3 thoughts on “Jesus Process Members Announced

  1. I don’t care for the phrase “atheist fundamentalist” but there’s some fundamentalist type thinking going on among some mythicists and their followers. I signal out three blatantly obvious areas.

    1) A fellow that I have tangled with online states that since Christians have historically been pathological liars and/or delusional, everything in the Bible should be presumed false until proven true!! (The discussion was with reference to the autobiographical statements in Paul’s letters. I pointed out there were specific red flags to indicated some of the letters attributed to Paul were forgeries, and specific red flags to indicate fictionalization in the Gospels, but no specific red flags re Paul’s accounts of his missionary journeys.) One could not even suspend judgment- it should be presumed false.

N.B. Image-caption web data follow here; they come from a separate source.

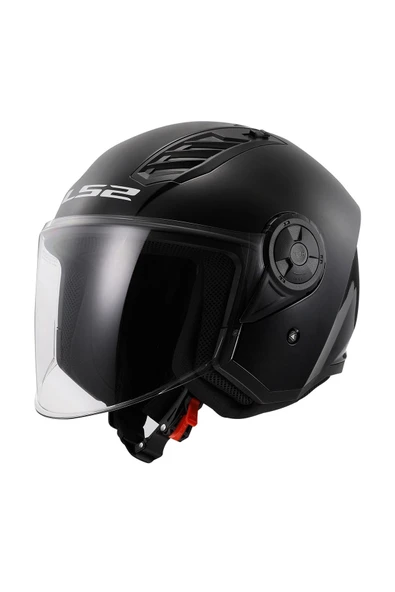 LS2 Aırflow 2 Yarım Kask Mat Siyah ürün görseli 1
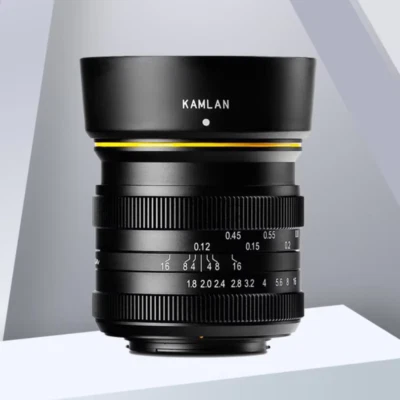Kamlan 21mm F1.8 MF Manual Focus Prime Lens for Sony Fujifilm Canon M4/3 Cameras - Image 1 of 4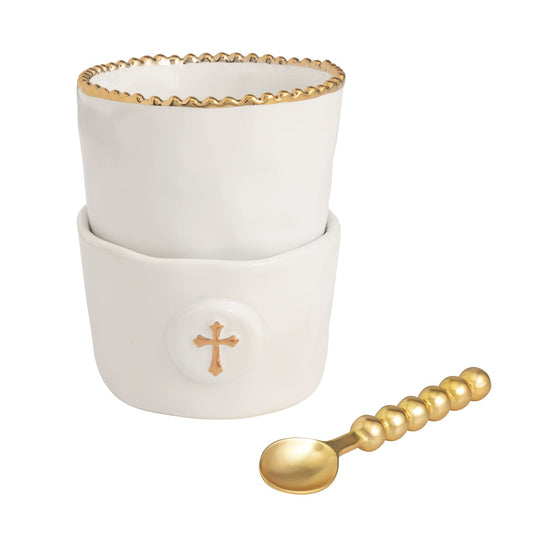 gold cross tidbit set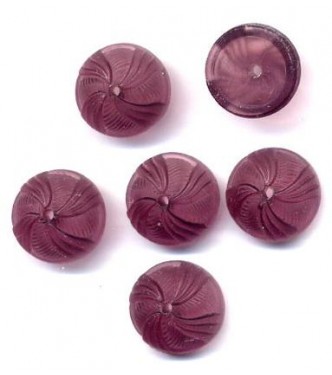 ART NOUVEAU FROSTED PATTERNED CAPS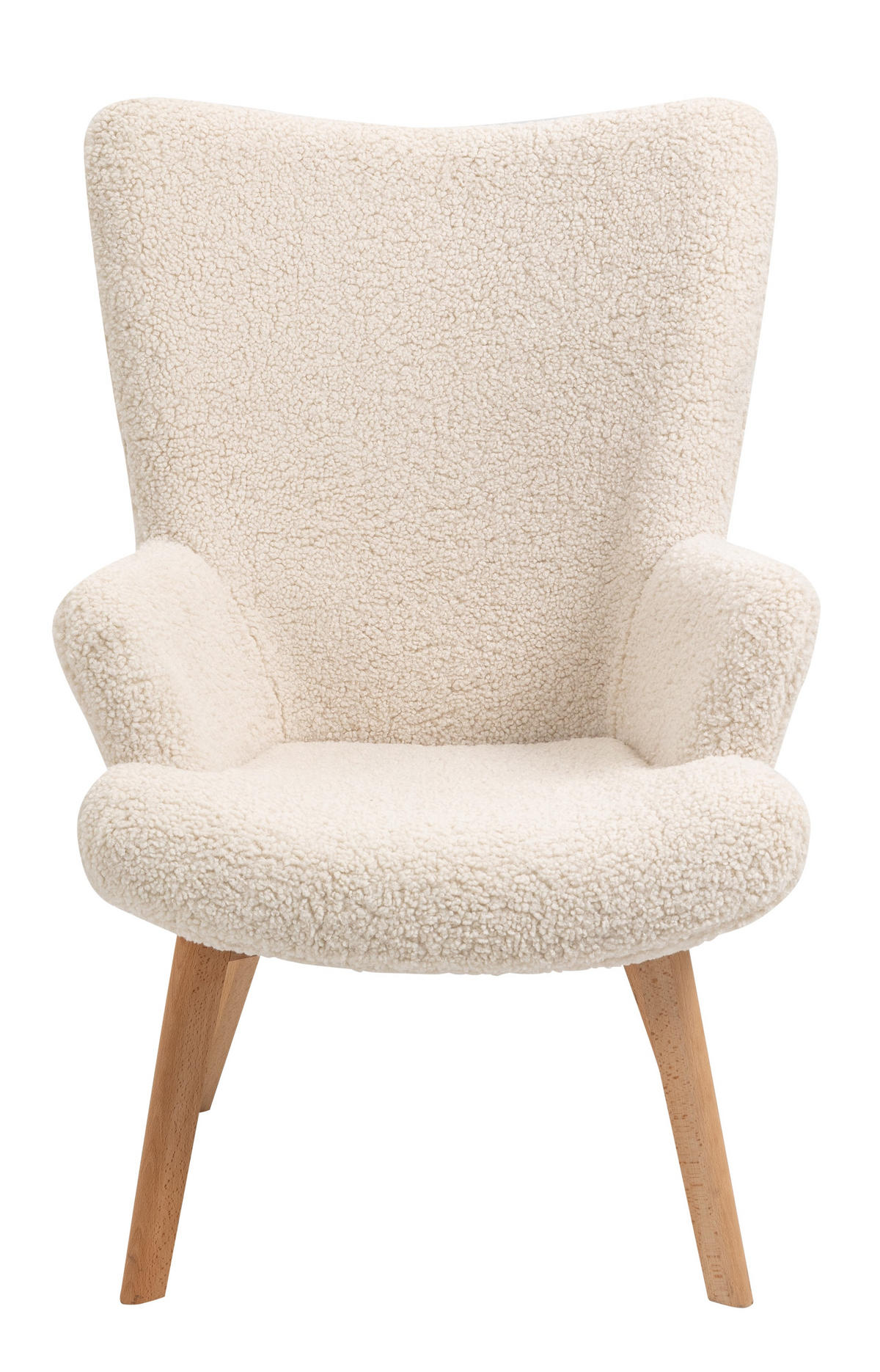 SESSEL Wolle Weiß - Weiß, Textil (64/100/74cm) - Nordlys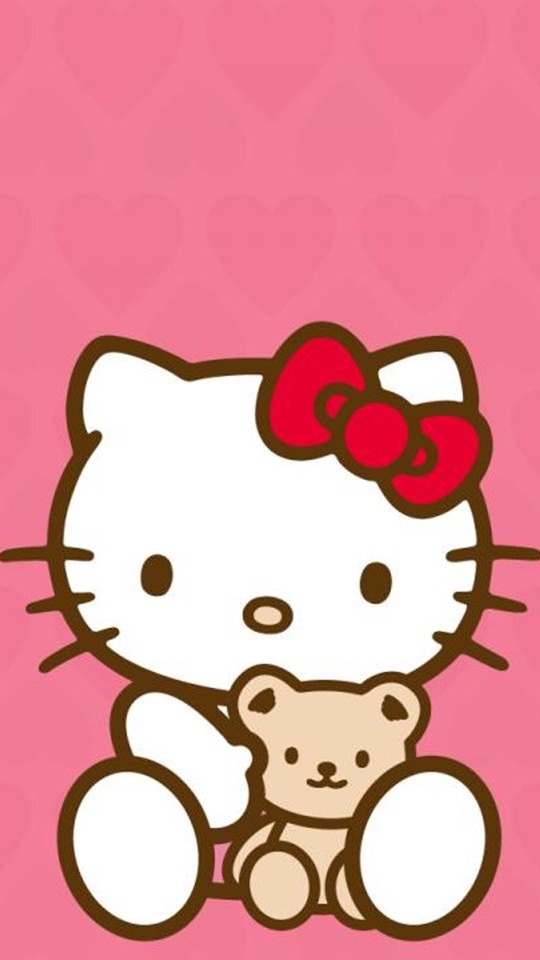 Hello Kitty粉色可爱锁屏壁纸下载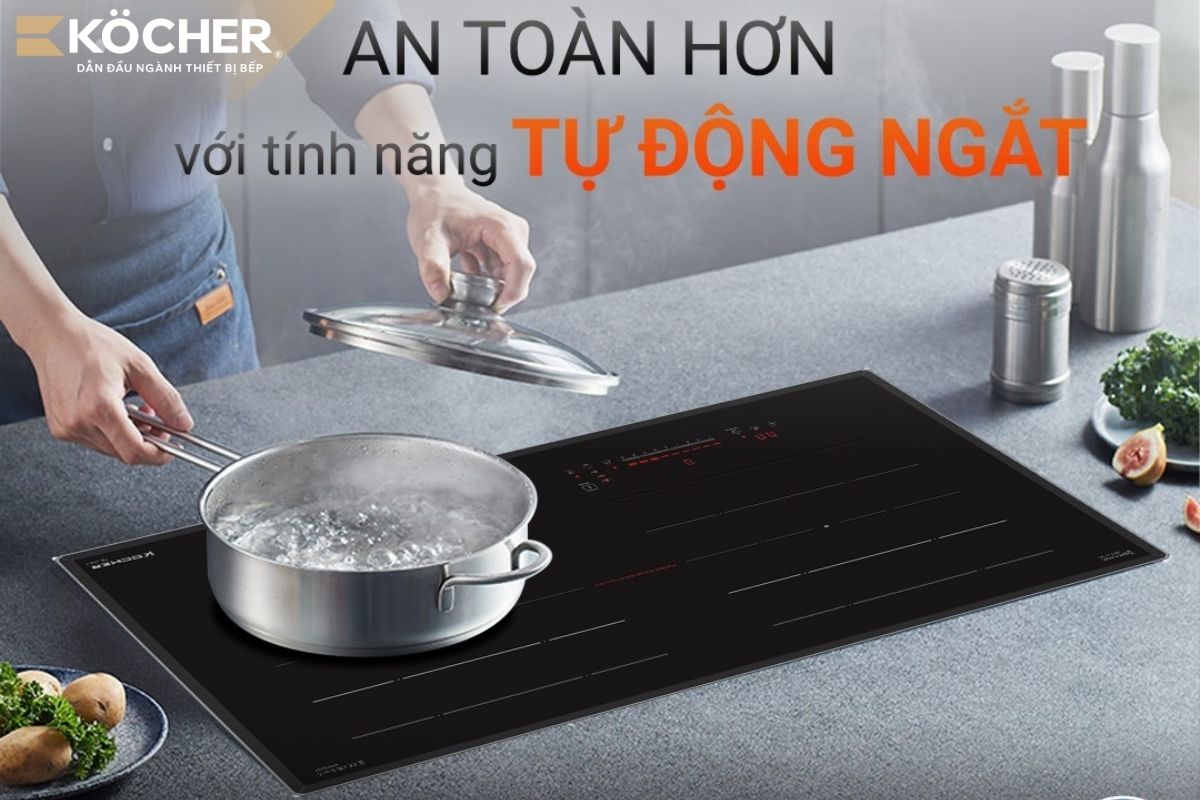 Bếp từ nhập khẩu Malaysia tích hợp nhiều tính năng an toàn cho người dùng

    2) Discrediting the miracles of Jesus is not evidence that Jesus didn’t exist. This is clearly putting the cart before the horse. Yes, there are contradictions in the Resurrection and Virgin Birth stories, and counter-historical assertions in the latter, but that has no bearing on whether Jesus existed.

    3) Richard Dawkins is not really a mythicist, but he has more than once made the naive statement that the substitutionary atonement of Jesus is the “central point” of the New Testament. The New Testament does not have any clear explanation of why Jesus’ death is atoning, and at least two of the Synoptic Gospels (Mark and Matthew) never mention it at all. There are at least three or four competing theologies overlayed on each other in the New Testament. and IMO what emerged in Western Christianity is a mangled synthesis of these. Many don’t seem to realize the importance of this for discussing and analyzing the exact nature of Christian origins, other than a general glee that this helps to discredit Christianity.